- [Assignment]
Make an exact copy of the records, omitting all images.

- [Dataset content]
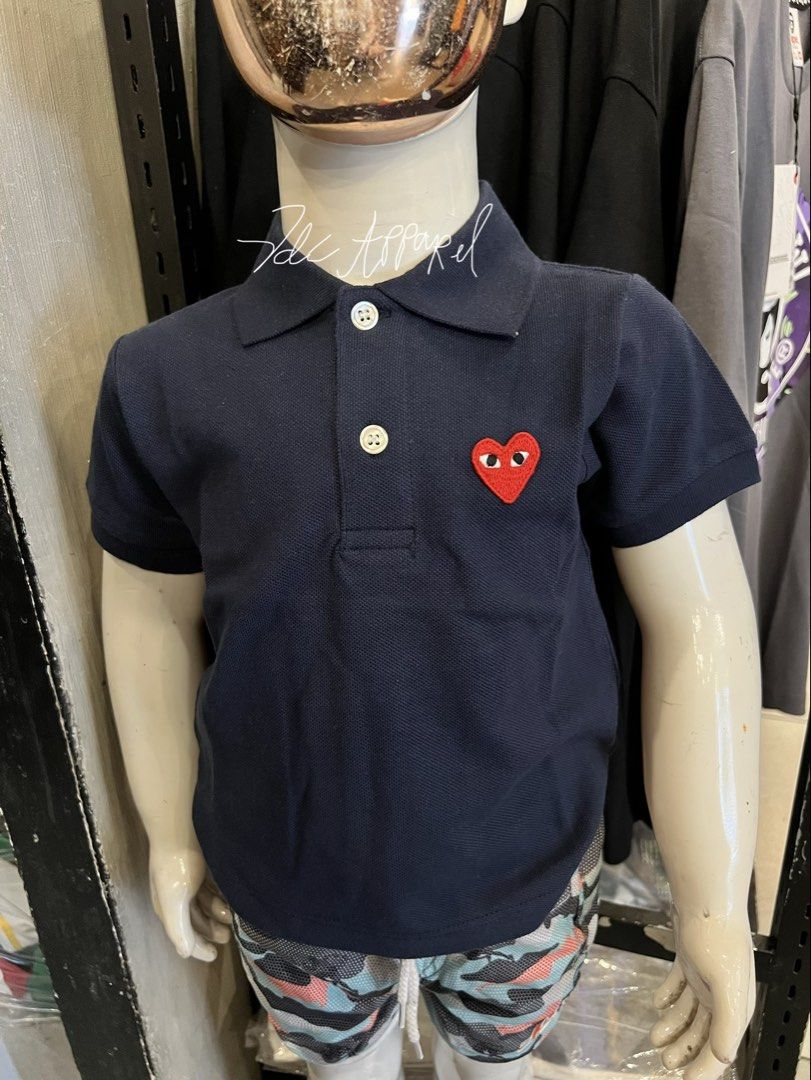 KIDS CDG play Polo shirt (Category: Babies & Kids Fashion) located in Imus. Submitted by vdc.apparel (Listing ID 1469959518, Image 1). Description: .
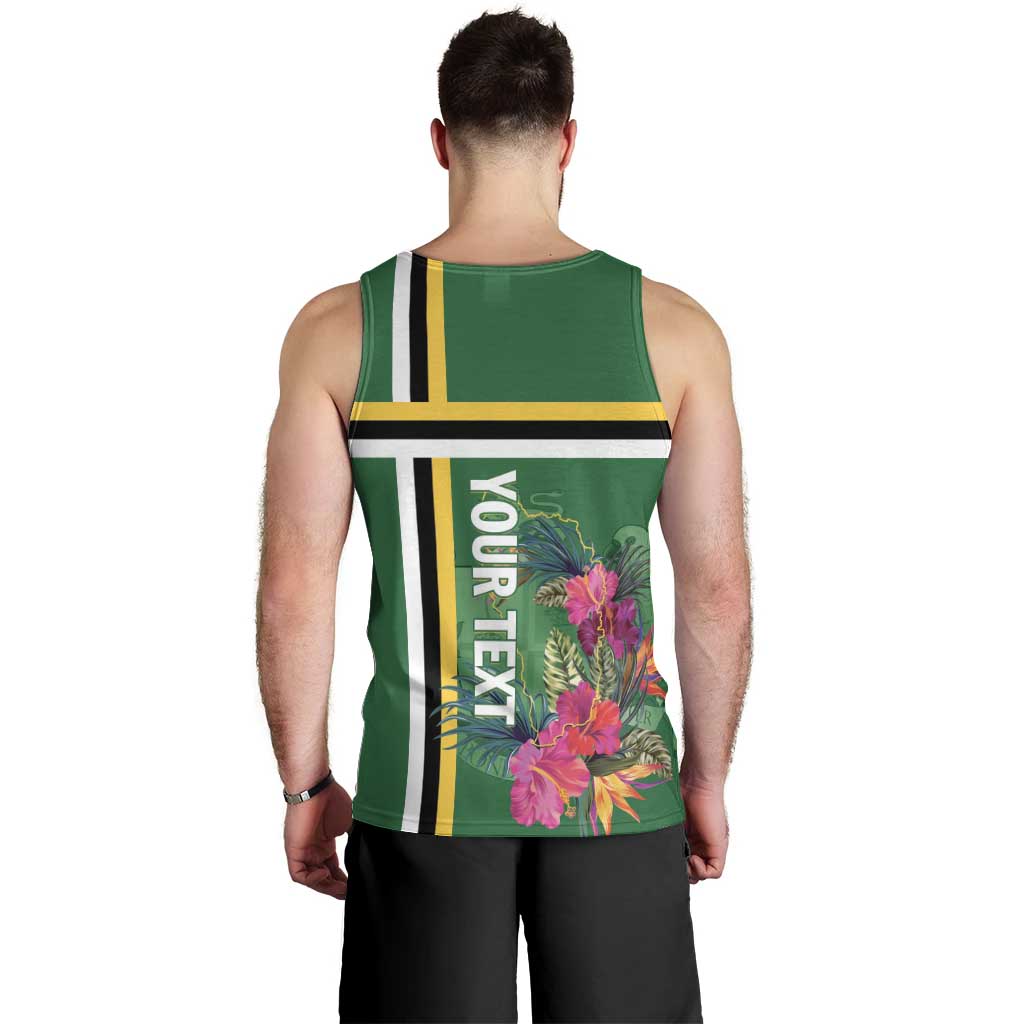 Personalized Dominica Men Tank Top Waitukubuli Tropical Flower - Wonder Print Shop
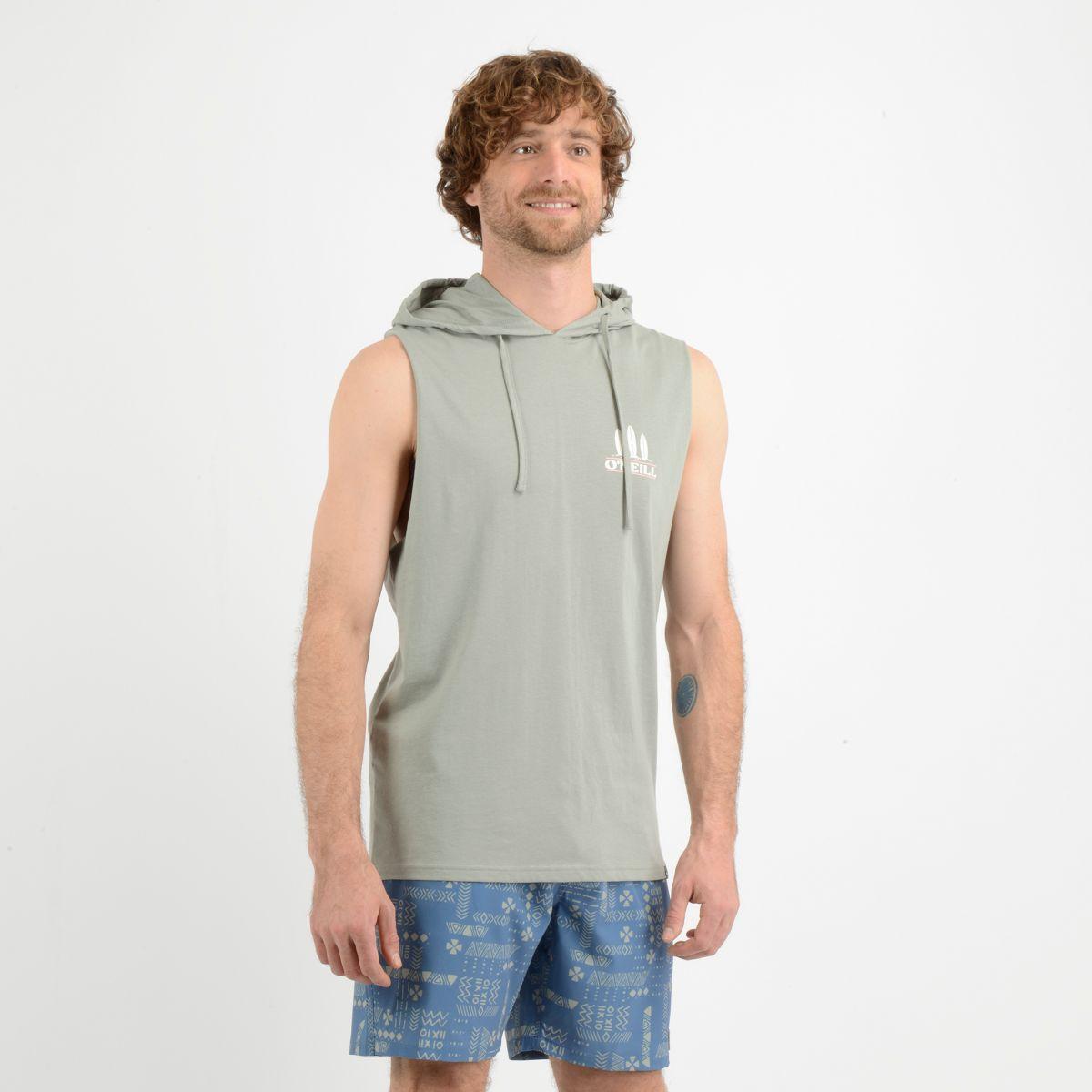 POLERA SIN MANGAS LAMDA TANK VERDE-2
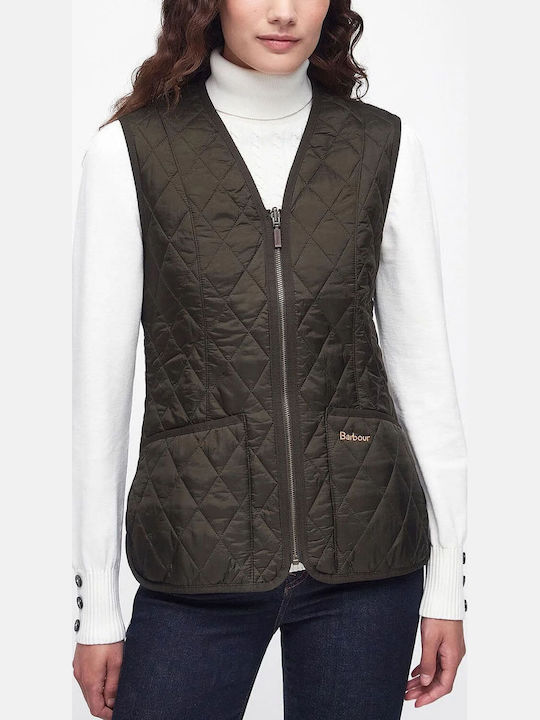 Barbour Betty Sleeveless Jacket Olive Marl
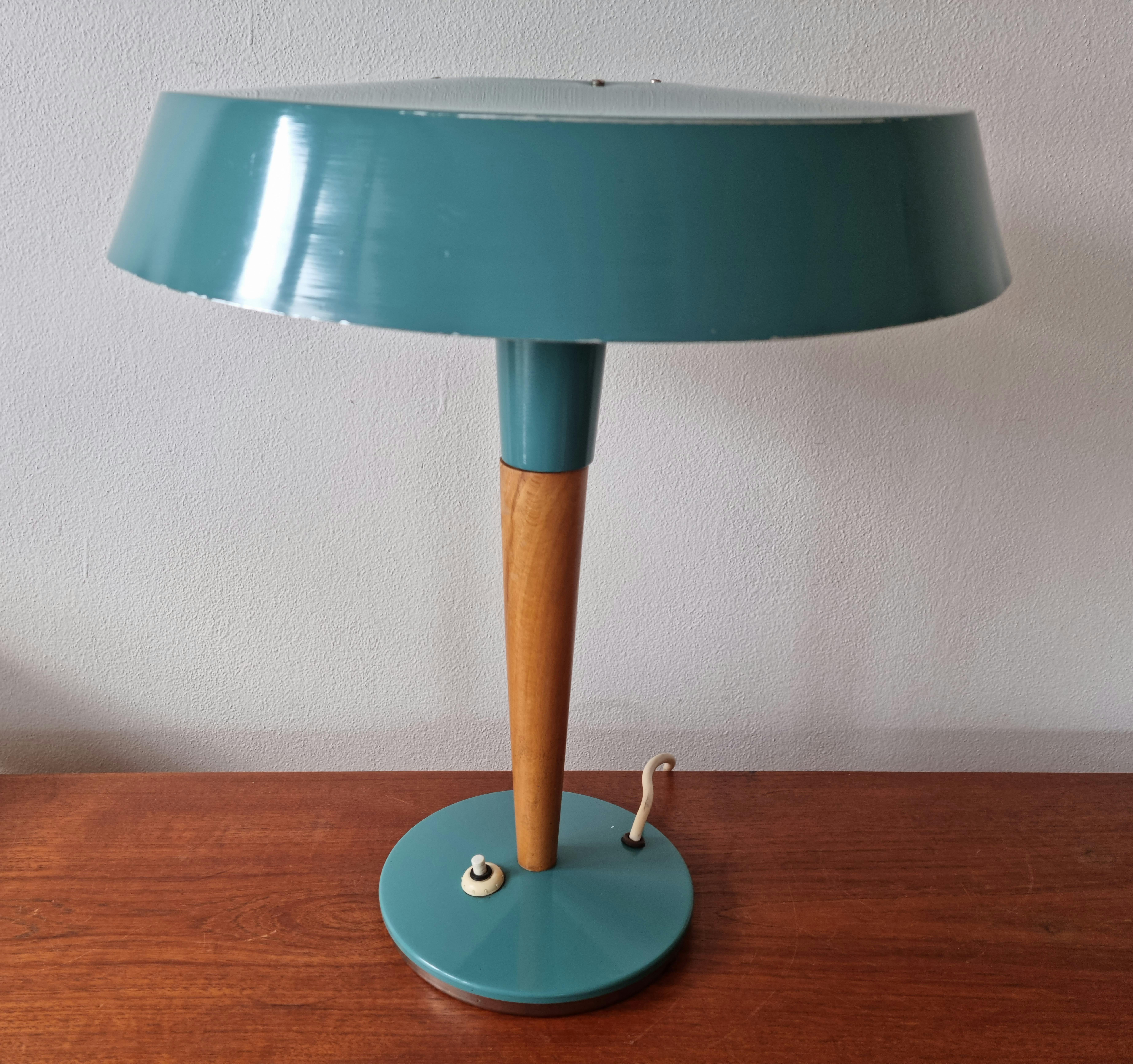 Midcentury Table Lamp Mushroom Kamenicky Senov, Josef Hejtman, 1970s 1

- [Solution for this problem]
 KIDS CDG play Polo shirt (Category: Babies & Kids Fashion) located in Imus. Submitted by vdc.apparel (Listing ID 1469959518, Image 1). Description: .
 Personalized Dominica Men Tank Top Waitukubuli Tropical Flower - Wonder Print Shop
 POLERA SIN MANGAS LAMDA TANK VERDE-2
 Barbour Betty Sleeveless Jacket Olive Marl
 Midcentury Table Lamp Mushroom Kamenicky Senov, Josef Hejtman, 1970s 1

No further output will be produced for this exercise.